Setting up the optimizer

In [5]:

optimizer = optax.adam(learning_rate)


@jax.jit
def update(params: hk.Params, prng_key: PRNGKey, opt_state: OptState, batch: Batch) -> Tuple[hk.Params, OptState]:
    """Single SGD update step."""
    grads = jax.grad(loss_fn)(params, prng_key, batch)
    updates, new_opt_state = optimizer.update(grads, opt_state)
    new_params = optax.apply_updates(params, updates)
    return new_params, new_opt_state

Training the flow

In [7]:

%%time

# Event shape - only two dimensions
TWO_MOONS_SHAPE = (2,)

# Create tf dataset from sklearn dataset
dataset = tf.data.Dataset.from_tensor_slices(X)

# Splitting into train/validate ds
train = dataset.skip(2000)
val = dataset.take(2000)

# load_dataset(split: tfds.Split, batch_size: int)
train_ds = load_dataset(train, 512)
valid_ds = load_dataset(val, 512)

# Initializing PRNG and Neural Net params
prng_seq = hk.PRNGSequence(1)
params = log_prob.init(next(prng_seq), np.zeros((1, *TWO_MOONS_SHAPE)))
opt_state = optimizer.init(params)

training_steps = 500  # 4000


for step in range(training_steps):
    params, opt_state = update(params, next(prng_seq), opt_state, next(train_ds))

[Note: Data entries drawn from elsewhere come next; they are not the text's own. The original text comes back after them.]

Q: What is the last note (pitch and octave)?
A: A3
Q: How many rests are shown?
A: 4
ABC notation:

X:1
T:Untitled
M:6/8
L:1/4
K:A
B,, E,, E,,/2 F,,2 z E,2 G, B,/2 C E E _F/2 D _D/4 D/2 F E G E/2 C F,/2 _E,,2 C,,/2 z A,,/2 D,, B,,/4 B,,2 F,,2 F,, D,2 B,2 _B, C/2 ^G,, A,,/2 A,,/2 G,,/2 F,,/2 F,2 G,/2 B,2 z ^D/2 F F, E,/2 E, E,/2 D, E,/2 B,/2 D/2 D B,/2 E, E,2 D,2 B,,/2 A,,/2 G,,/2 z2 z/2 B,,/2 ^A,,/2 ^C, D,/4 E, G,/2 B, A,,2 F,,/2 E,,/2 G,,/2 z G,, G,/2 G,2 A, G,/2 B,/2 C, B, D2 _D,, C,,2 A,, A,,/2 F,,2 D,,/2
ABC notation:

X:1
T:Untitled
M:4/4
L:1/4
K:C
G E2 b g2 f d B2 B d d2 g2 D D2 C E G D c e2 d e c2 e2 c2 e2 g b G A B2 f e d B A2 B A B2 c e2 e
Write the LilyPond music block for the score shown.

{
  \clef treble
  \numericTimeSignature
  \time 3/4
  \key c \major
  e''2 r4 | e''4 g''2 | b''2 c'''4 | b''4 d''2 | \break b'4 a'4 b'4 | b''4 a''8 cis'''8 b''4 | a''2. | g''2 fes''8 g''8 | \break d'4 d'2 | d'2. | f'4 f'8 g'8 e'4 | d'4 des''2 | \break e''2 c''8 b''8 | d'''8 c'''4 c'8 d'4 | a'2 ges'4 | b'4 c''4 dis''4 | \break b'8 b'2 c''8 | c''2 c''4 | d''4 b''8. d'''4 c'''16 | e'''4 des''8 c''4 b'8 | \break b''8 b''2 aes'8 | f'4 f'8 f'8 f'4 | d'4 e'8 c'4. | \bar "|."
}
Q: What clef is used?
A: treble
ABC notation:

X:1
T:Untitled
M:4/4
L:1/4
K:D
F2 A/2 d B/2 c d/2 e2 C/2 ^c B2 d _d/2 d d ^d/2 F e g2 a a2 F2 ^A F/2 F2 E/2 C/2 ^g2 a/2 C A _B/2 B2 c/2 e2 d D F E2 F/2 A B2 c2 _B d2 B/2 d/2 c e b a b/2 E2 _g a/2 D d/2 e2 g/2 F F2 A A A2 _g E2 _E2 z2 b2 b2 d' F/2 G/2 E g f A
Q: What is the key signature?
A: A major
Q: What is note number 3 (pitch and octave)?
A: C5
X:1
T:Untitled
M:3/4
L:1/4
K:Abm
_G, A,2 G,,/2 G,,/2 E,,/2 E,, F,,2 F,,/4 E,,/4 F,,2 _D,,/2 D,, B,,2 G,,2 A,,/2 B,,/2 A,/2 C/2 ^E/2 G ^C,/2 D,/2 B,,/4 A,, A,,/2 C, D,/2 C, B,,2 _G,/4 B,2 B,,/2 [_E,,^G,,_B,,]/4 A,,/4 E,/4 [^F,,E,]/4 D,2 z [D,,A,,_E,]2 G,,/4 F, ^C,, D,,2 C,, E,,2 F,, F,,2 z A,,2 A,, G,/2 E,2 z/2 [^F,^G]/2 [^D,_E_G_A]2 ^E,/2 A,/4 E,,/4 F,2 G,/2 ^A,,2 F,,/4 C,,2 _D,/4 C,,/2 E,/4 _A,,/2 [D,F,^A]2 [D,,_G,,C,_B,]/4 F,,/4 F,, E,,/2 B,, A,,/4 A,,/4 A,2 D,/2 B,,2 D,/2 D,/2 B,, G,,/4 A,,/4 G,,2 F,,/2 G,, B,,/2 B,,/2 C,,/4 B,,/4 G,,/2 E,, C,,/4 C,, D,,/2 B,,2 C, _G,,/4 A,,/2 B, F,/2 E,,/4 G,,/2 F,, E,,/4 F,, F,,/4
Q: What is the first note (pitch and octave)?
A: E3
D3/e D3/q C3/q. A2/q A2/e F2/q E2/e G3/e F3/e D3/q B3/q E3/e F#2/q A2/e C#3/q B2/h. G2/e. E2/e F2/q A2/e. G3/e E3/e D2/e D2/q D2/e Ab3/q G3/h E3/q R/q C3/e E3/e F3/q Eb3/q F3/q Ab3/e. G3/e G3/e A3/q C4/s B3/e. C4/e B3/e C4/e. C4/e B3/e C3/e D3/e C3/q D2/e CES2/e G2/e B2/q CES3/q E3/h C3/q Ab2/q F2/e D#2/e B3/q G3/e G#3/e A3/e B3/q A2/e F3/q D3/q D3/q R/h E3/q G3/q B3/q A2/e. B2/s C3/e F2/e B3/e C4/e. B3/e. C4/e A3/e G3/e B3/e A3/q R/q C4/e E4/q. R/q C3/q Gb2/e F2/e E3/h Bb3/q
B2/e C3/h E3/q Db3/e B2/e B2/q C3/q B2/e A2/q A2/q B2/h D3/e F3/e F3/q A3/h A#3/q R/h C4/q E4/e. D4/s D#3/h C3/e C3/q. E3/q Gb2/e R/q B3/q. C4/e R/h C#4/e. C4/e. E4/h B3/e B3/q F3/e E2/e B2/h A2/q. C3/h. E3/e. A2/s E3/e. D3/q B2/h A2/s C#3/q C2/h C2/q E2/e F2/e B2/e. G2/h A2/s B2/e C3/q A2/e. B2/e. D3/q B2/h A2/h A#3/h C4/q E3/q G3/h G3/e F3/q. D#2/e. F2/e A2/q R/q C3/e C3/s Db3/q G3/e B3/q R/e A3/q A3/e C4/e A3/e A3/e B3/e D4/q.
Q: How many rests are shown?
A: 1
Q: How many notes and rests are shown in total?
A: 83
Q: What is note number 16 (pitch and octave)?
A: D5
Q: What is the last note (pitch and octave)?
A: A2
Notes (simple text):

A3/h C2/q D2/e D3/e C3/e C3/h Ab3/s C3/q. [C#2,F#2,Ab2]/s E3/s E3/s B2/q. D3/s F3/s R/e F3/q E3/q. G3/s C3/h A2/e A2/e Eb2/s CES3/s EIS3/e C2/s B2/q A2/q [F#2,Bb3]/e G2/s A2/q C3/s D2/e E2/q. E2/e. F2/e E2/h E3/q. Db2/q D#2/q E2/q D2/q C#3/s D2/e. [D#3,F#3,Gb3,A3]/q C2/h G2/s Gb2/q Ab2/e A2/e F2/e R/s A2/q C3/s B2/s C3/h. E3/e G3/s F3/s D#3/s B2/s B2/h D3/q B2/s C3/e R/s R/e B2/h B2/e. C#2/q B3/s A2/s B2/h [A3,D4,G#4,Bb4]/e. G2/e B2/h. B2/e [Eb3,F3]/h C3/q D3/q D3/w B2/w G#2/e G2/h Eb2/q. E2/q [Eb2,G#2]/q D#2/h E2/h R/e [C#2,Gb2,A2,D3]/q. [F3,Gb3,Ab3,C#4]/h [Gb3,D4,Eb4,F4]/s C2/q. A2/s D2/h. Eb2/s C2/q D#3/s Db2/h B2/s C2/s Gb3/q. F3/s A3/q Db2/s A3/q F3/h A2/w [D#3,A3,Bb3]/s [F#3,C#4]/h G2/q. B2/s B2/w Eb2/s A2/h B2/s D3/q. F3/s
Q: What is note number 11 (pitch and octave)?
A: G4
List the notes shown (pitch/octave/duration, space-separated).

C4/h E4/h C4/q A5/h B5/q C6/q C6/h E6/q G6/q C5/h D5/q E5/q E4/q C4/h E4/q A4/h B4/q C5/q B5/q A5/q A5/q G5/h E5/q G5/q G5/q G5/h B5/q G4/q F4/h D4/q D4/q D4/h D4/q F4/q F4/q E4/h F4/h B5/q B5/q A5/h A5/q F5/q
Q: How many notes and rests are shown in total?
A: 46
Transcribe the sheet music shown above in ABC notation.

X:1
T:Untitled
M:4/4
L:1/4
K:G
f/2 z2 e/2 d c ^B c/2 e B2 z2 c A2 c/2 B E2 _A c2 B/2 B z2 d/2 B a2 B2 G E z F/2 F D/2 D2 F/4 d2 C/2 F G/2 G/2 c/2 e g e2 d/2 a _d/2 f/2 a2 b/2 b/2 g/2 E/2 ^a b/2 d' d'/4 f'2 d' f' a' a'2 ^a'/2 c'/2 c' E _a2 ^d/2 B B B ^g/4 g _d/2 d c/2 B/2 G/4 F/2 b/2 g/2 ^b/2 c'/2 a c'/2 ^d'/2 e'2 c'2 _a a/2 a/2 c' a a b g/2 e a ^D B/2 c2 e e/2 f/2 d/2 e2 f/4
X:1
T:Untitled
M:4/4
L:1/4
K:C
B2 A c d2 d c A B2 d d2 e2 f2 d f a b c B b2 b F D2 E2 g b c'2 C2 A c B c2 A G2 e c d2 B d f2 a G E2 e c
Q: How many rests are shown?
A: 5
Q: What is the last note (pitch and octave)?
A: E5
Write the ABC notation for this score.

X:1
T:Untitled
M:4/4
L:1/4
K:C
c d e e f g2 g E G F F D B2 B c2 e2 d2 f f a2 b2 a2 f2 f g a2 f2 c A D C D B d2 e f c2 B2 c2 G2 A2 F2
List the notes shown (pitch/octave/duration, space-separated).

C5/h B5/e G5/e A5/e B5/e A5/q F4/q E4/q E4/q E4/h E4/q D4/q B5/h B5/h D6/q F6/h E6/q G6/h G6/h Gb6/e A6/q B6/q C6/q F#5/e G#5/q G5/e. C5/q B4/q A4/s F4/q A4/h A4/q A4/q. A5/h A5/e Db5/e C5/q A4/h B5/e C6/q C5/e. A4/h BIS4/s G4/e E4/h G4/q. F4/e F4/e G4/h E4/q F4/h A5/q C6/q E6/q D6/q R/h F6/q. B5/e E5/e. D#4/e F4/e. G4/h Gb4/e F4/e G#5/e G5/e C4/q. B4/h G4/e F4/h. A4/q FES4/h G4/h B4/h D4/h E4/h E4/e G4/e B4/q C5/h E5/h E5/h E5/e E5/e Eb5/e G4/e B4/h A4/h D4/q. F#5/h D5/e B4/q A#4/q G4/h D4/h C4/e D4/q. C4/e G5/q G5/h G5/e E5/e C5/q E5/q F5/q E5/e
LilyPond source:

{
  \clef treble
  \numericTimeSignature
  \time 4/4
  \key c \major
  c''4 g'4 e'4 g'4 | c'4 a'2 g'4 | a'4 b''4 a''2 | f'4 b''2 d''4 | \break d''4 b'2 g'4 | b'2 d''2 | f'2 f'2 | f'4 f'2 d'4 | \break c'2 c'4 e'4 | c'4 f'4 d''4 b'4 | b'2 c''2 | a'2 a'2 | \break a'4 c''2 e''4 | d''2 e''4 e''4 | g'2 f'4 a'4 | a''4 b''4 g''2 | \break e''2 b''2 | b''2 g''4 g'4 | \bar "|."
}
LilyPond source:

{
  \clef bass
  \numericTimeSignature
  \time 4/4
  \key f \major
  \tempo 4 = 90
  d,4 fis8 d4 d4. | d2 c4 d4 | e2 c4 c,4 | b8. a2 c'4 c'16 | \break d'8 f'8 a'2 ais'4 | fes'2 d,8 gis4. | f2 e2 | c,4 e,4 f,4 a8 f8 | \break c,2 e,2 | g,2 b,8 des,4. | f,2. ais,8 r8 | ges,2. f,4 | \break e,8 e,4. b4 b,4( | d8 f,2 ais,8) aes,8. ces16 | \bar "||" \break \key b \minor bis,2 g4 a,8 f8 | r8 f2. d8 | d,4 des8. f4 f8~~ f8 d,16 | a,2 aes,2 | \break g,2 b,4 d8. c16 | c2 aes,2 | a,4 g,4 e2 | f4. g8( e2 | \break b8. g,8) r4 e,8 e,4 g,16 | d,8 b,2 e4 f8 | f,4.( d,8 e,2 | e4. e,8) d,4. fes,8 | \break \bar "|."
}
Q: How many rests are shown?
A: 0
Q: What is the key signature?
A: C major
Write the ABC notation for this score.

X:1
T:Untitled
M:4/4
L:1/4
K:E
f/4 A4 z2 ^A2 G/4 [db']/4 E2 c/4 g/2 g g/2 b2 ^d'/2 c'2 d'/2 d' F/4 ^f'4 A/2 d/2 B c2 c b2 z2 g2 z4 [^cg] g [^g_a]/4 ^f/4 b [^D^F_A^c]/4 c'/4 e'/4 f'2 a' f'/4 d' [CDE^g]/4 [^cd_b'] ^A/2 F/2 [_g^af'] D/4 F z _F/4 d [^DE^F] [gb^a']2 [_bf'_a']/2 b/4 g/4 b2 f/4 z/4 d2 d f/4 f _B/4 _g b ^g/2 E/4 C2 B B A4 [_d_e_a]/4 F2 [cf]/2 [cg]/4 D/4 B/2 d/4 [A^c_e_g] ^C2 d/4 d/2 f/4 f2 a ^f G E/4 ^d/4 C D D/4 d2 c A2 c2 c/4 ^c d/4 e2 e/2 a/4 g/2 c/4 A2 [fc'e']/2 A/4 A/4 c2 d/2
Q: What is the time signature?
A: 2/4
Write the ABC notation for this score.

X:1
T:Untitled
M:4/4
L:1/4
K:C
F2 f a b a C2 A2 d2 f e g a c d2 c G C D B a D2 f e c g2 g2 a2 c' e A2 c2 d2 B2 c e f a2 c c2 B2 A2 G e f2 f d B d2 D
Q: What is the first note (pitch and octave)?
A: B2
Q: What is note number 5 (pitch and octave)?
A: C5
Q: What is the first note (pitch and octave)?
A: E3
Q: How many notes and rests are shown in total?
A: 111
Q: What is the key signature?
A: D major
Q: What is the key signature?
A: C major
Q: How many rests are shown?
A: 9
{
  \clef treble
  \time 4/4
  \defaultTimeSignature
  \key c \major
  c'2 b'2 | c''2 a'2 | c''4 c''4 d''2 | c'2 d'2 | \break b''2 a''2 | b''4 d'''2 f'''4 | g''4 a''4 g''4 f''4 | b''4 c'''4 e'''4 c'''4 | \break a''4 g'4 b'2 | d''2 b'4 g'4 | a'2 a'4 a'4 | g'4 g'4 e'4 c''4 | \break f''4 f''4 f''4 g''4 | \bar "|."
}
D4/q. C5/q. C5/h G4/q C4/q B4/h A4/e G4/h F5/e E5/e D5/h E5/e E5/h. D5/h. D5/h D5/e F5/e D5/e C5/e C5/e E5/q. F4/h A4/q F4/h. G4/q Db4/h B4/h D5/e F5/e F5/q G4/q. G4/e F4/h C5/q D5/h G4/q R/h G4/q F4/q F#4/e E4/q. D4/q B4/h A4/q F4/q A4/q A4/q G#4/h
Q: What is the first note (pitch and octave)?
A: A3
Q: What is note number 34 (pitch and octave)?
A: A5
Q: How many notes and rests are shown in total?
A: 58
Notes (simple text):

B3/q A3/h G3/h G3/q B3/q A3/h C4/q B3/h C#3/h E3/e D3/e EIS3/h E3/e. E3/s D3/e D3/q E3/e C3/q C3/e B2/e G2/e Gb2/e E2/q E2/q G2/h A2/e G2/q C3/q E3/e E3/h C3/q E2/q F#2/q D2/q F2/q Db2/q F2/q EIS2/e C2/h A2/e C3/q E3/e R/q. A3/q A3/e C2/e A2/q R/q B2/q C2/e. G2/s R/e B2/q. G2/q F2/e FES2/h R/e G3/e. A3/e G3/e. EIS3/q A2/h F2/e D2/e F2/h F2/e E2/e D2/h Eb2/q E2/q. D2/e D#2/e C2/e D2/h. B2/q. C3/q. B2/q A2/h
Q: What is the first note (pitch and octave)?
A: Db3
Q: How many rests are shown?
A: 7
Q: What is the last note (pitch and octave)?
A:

    if step % eval_frequency == 0:
        val_loss = eval_fn(params, next(valid_ds))
        print(f"STEP: {step:5d}; Validation loss: {val_loss:.3f}")

Out[7]:

STEP:     0; Validation loss: 2.782
STEP:   100; Validation loss: 1.610
STEP:   200; Validation loss: 1.430
STEP:   300; Validation loss: 1.334
STEP:   400; Validation loss: 1.312
STEP:   500; Validation loss: 1.319
STEP:   600; Validation loss: 1.335
STEP:   700; Validation loss: 1.270
STEP:   800; Validation loss: 1.331
STEP:   900; Validation loss: 1.265
STEP:  1000; Validation loss: 1.329
STEP:  1100; Validation loss: 1.230
STEP:  1200; Validation loss: 1.256
STEP:  1300; Validation loss: 1.295
STEP:  1400; Validation loss: 1.273
STEP:  1500; Validation loss: 1.300
STEP:  1600; Validation loss: 1.242
STEP:  1700; Validation loss: 1.328
STEP:  1800; Validation loss: 1.303
STEP:  1900; Validation loss: 1.300
STEP:  2000; Validation loss: 1.321
STEP:  2100; Validation loss: 1.312
STEP:  2200; Validation loss: 1.275
STEP:  2300; Validation loss: 1.196
STEP:  2400; Validation loss: 1.254
STEP:  2500; Validation loss: 1.252
STEP:  2600; Validation loss: 1.312
STEP:  2700; Validation loss: 1.262
STEP:  2800; Validation loss: 1.251
STEP:  2900; Validation loss: 1.287
STEP:  3000; Validation loss: 1.323
STEP:  3100; Validation loss: 1.276
STEP:  3200; Validation loss: 1.329
STEP:  3300; Validation loss: 1.318
STEP:  3400; Validation loss: 1.262
STEP:  3500; Validation loss: 1.235
STEP:  3600; Validation loss: 1.262
STEP:  3700; Validation loss: 1.294
STEP:  3800; Validation loss: 1.260
STEP:  3900; Validation loss: 1.322
CPU times: user 3min 40s, sys: 1min 37s, total: 5min 18s
Wall time: 4min 55s

We can now look at the trained flow's output. It should be the same, or close, to the original Two Moons dataset that we are trying to model.

In [17]:

n_samples = 10000
plot_range = [(-2, 2), (-2, 2)]
n_bins = 100

X_transf = model_sample.apply(params, next(prng_seq), num_samples=n_samples)
plt.hist2d(X_transf[:, 0], X_transf[:, 1], bins=n_bins, range=plot_range)[-1]

plt.axis("off")
plt.savefig("two-moons-nsf-flow-samples.png")
plt.show()

Out[17]:

To sample intermediate layers, need to get haiku parameters and match those to intermediate layers of the NSF. This isn't trivial but we can use the names of the modules to group them and then use those to sample from the base gaussian. To get the parameters, we need to parse the keys that haiku uses to store parameter values from each module. For the NSF flow, each layer is composed of an affine transformation and series of MLPs to condition the masked coupling layer. To parse, we'll use some regex to determine the key name and use that to find the indices of the ordered dictionary of each layer. We'll collect each layer in a list within a larger list of all the lists.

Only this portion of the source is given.